**Work to be completed**
An exact copy is needed of the lines from the one that contains "ruoka papukaijoille" through the final line of the data below, with pictures left out.

**Information supplied**
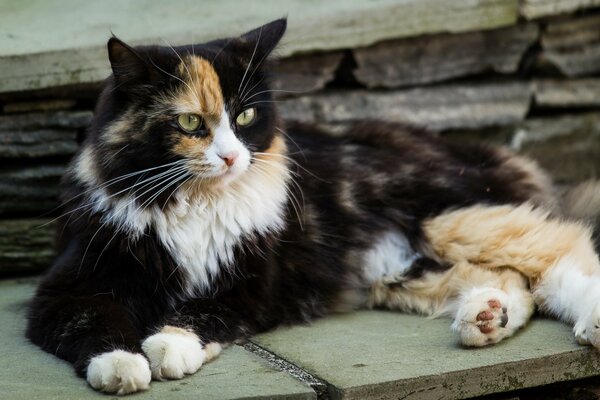 Il grande gatto tricolore riposa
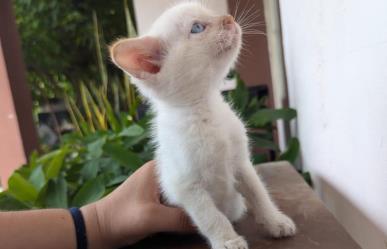 La sobrepoblación de gatos incrementa su maltrato, advierten animalistas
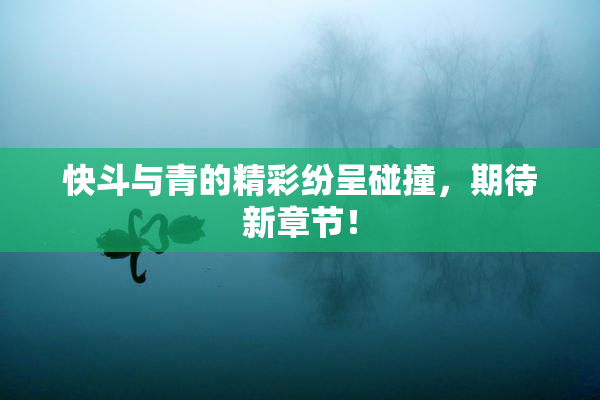 快斗与青的精彩纷呈碰撞，期待新章节！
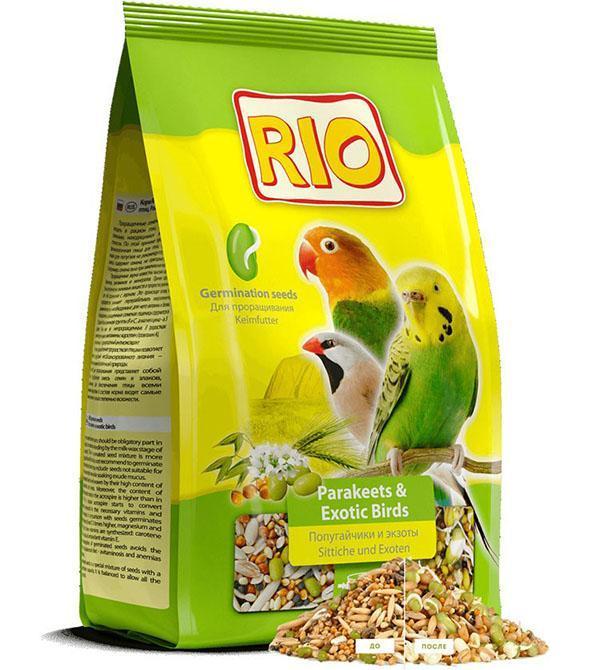ruoka papukaijoille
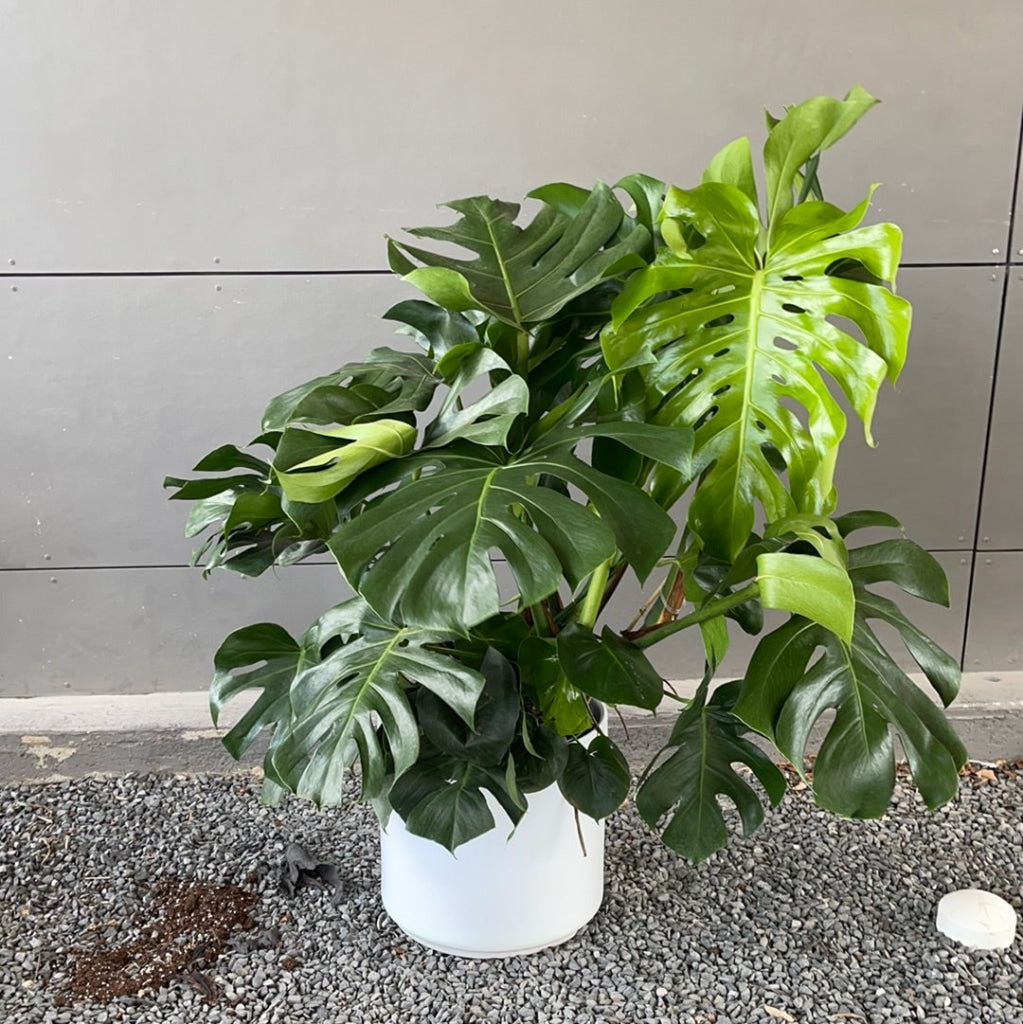 giant monstera Massive Monstera in Matte Planter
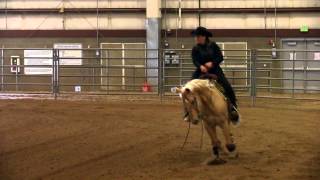 Shine And Spark - Limited Non Pro - IRHA Farmington, Utah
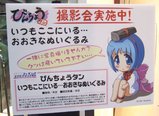 WF2005S_びんちょうタン_撮影会実施中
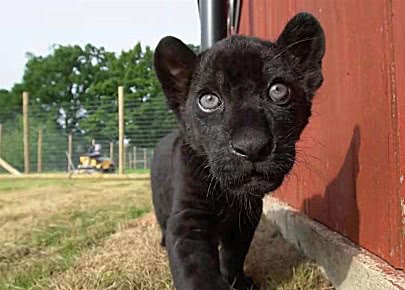 幼年黑豹疑似患重病,就在奶爸考虑给它安乐死时,奇迹发生了|奶爸|黑豹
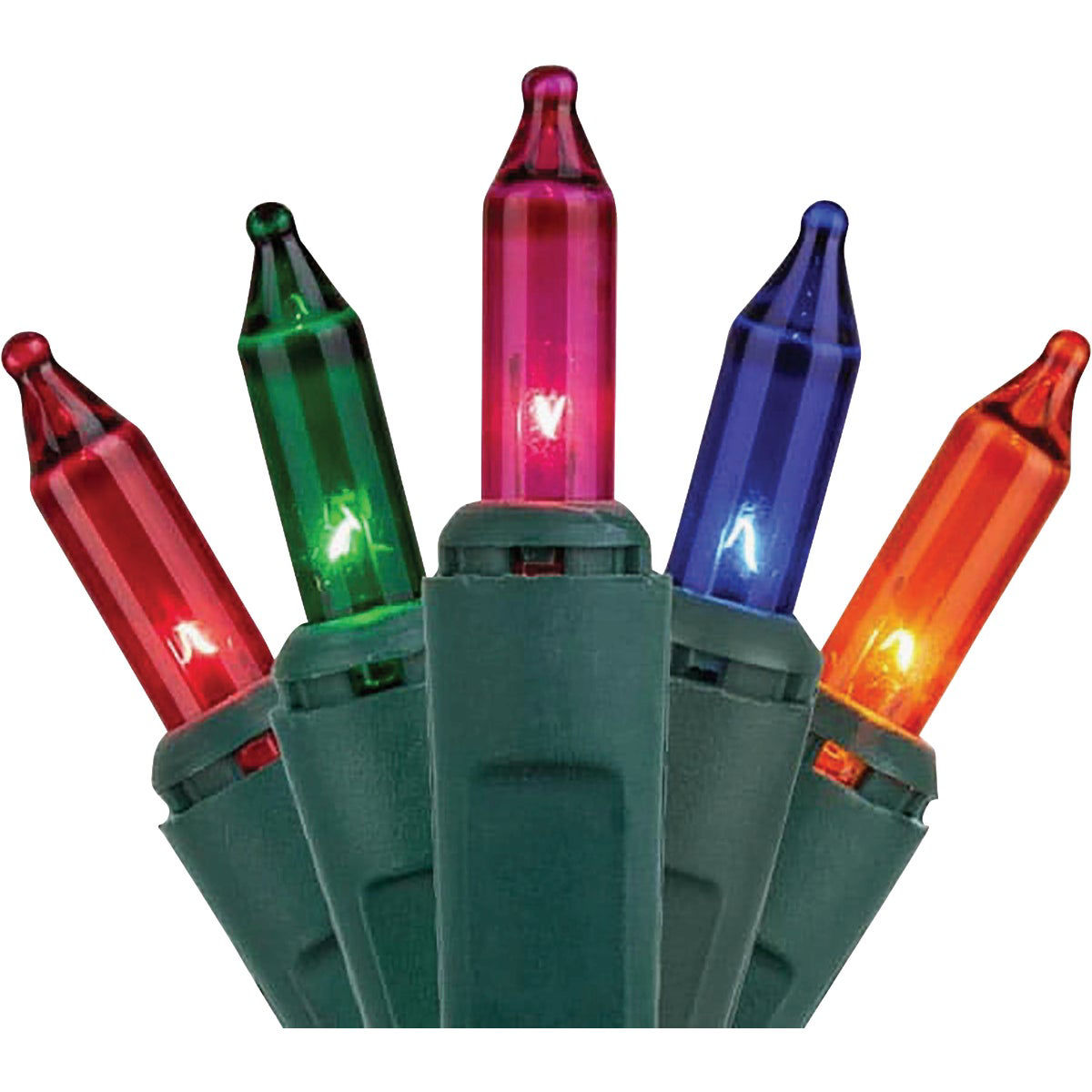 Holiday Wonderland  Multi 100-Bulb Mini Incandescent String Light Set with Green Wire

**Answer for the task**
ruoka papukaijoille
 giant monstera Massive Monstera in Matte Planter
 Shine And Spark - Limited Non Pro - IRHA Farmington, Utah
 WF2005S_びんちょうタン_撮影会実施中
 幼年黑豹疑似患重病,就在奶爸考虑给它安乐死时,奇迹发生了|奶爸|黑豹
 Holiday Wonderland  Multi 100-Bulb Mini Incandescent String Light Set with Green Wire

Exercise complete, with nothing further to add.